• _EXERCISE DIRECTIONS_
Using the entries below, say how many of the lines carry "EarnYourCrown". Write the number alone.

• _THE DATA_
::::::::::

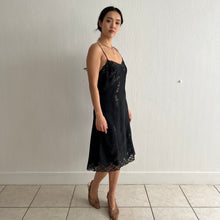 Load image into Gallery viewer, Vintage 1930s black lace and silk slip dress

::::::::::

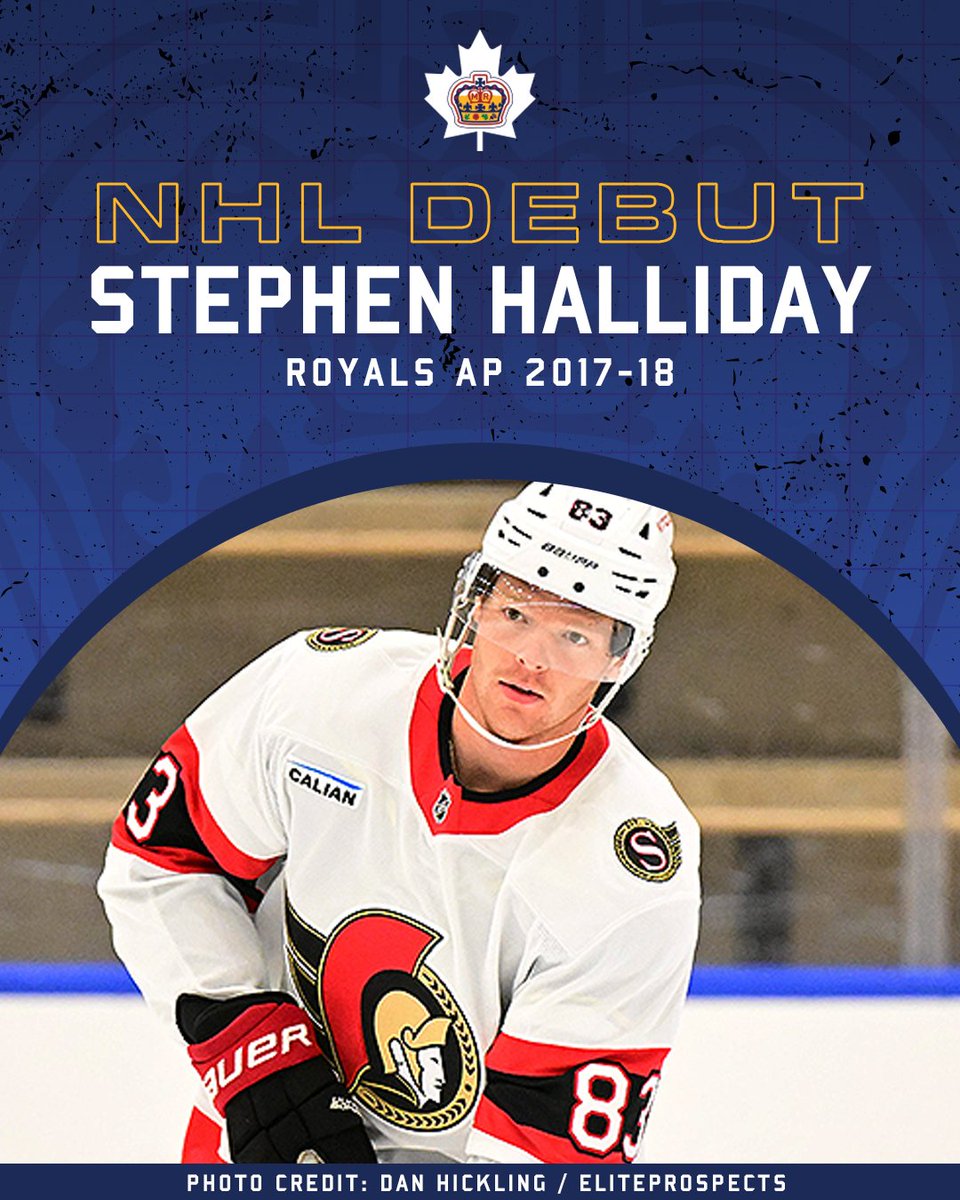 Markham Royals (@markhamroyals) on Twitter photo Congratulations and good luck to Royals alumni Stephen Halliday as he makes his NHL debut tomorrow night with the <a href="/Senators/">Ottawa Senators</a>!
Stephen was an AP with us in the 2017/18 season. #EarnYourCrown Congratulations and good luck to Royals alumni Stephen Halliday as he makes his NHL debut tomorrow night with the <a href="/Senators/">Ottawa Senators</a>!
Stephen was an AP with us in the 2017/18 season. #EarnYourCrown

::::::::::

• _WRITTEN RESPONSE_
2